Waxing eloquent about wax beans brought me right back to my childhood. When it was my birthday, my mother would let me choose my favorite meal and wax beans were always on the menu.
Lisa says her mother used to cook them all the time, too. “She usually added chicken broth to give them more flavor,” she said, “and onion and then threw in some potatoes. So everything is all in a pot.”
My mother only steamed her beans, which was fine with me, but the way I like them best of all is raw, just picked off the vine.
Lisa bought her beans from Goranson’s Organic Farm. I visited Jan Goranson at Portland’s Winter Market last December and she passed along some great tips on cooking spinach and kale. Today she shared with me that she prefers green over yellow beans.
“My husband loves the yellow beans,” she said. “I think it’s whatever you grew up with that brings back that flavor or that feeling of home. To me, green beans have more flavor.
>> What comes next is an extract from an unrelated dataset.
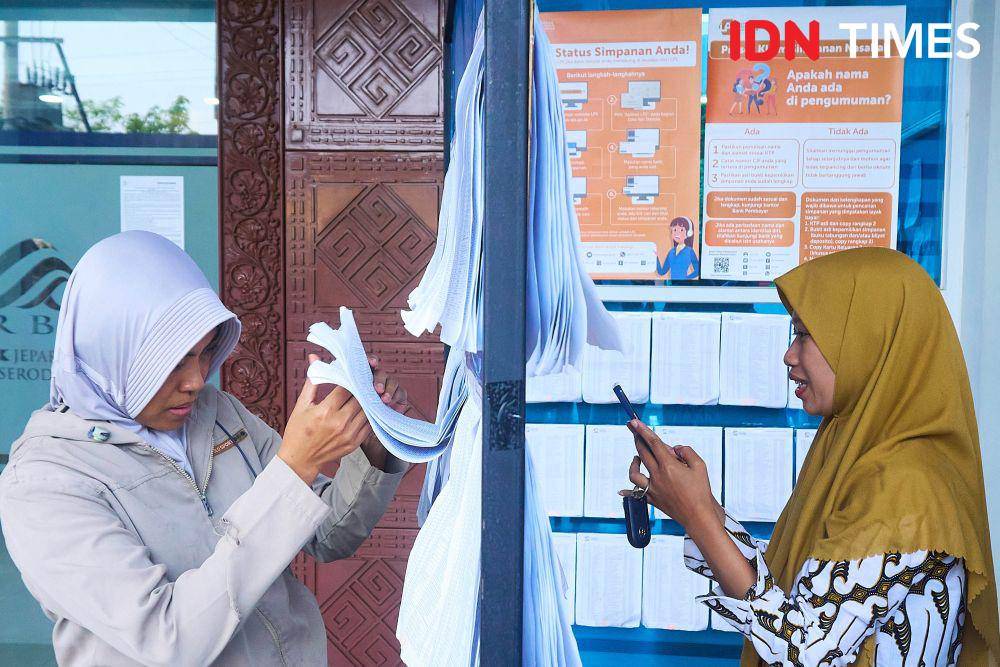 Sejumlah nasabah BPR Jepara Artha melihat daftar nama pembayaran klaim simpanan yang diumumkan oleh Lembaga Penjamin Simpanan (LPS) di Jepara, Jawa Tengah, Rabu (5/6/2024). (IDN Times/Dhana Kencana)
I do think Lisa’s spot on that the yellow beans are probably a bit more tender.”
Jan likes to fry her green beans in a little olive oil with onions, tamari sauce, and sesame seeds. “They almost shrivel up in the frying pan,” she said. “I can’t see doing that with yellow beans.”
According to Cook’s Illustrated, the difference between green and yellow beans is that “Green beans get their color from chlorophyll, and yellow wax beans are simply green beans that have been bred to have none of this pigment.”
However you like your yellow or your green beans, you can’t go wrong. They’re low in calories and a great source of fiber. Make sure you choose ones that have good color, are fresh, and snap easily. And all you need to do is snap off the end that was attached to the vine and they’re ready to cook.